The Irish also love eating the pig. Bacon and cabbage outranks Irish Stew as the Irish national dish and is a good choice for Easter dinner.
During the Dark Ages Irish monks vied with Rome to lead the Christian church. The dating of Easter became the battleground, with Rome emerging the winner. Since this time most western Christians – Catholic and Protestant – follow the Roman formula, which is based on a Pagan lunar calendar.
Easter falls on the Sunday after the first full moon following the spring equinox. This year the equinox occurs on March 20, the full moon on the 21st and Easter Sunday on the 23rd. The latest possible date for Easter is April 25.
The Greeks hold Easter in the highest regard. It is their Christmas and New Year rolled into one. The traditional fast is broken by a mammoth midnight feast with lamb or perhaps suckling pig at its centre. Several local Greek and Cypriot restaurants will open at midnight on the Orthodox Easter Sunday. Not this coming Sunday. The Orthodox church has its own method of dating Easter – this year April 27 is the big Sunday.
For Poles too, Easter is a major festival, rivalling Christmas for the elaborateness of the celebrations. On Saturday many local Poles will head for church, carrying small baskets stuffed with eggs, hams, horseradish, sausages, condiments and tiny sugar lambs. Sunday morning witnesses a lavish table, laid for a substantial feast of cold meats, salads, such as cwikla – a combination of horseradish and beetroot – and cakes.
For those who fancy some real soul food, the local Christian churches have a surfeit of services all guaranteed to feed the spirit.
This Friday St Martins Church, Vicars Road Gospel Oak, one of Simon Jenkins’s hundred best churches, offers hot-cross buns and a children’s workshop dedicated to making a cross of flowers. At 10.30am on Easter Sunday, egg hunting is combined with the usual services.
St George and All Saints, Crayford Road, Tufnell Park, also offers an egg hunt, with its 11am ­family Sunday service. Whereas at 10.15am the same day, choral morning prayers will take place at the beautiful Palladian church, St Giles in the Fields, 60 St Giles High St, Holborn.
For most, it is the four guaranteed days off work that renders Easter special. Countless numbers from this area will jet away, or drive off to a supposedly better place. The savvy remainder will find the locality less crowded. Hundreds of shops will open throughout the holiday and the new generation of resurgent shopping streets will hum with activity.
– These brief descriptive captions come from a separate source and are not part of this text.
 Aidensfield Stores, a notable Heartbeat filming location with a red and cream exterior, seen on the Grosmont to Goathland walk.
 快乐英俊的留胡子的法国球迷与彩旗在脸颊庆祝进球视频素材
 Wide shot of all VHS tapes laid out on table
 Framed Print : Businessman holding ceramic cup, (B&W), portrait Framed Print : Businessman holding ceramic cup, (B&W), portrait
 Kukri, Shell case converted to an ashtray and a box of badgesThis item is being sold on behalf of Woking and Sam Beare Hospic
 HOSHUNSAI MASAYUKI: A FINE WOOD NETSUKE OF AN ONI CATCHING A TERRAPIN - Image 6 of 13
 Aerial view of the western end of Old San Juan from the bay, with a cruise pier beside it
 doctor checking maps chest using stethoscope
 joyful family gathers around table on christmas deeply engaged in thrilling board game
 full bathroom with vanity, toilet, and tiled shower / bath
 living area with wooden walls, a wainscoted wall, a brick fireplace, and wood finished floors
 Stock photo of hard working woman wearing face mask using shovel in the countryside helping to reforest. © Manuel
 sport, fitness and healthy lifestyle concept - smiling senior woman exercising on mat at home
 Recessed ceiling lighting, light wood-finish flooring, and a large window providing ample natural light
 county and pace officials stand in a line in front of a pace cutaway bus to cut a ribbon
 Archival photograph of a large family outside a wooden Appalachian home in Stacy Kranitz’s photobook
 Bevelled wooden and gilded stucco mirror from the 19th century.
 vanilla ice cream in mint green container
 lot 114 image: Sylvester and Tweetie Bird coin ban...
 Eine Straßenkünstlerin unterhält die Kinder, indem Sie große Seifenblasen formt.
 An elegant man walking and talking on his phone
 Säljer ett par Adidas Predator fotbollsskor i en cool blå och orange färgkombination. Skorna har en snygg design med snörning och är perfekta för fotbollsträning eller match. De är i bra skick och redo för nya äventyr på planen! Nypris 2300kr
On offer will be traditional Easter fare; hot-cross buns, folar bread and simnel cake from independent bakeries and Portuguese shops. All kinds of Easter eggs and other seasonal produce will be on sale at a multitude of ethnic delicatessens and natural food shops. Numerous restaurants and cafés will propose a special Easter menu.
Although many of the independent butchers will close most days over the holiday, the halal butchers will be open throughout, offering fresh and bloodless meat. At Easter, in the market place, every day is a good day.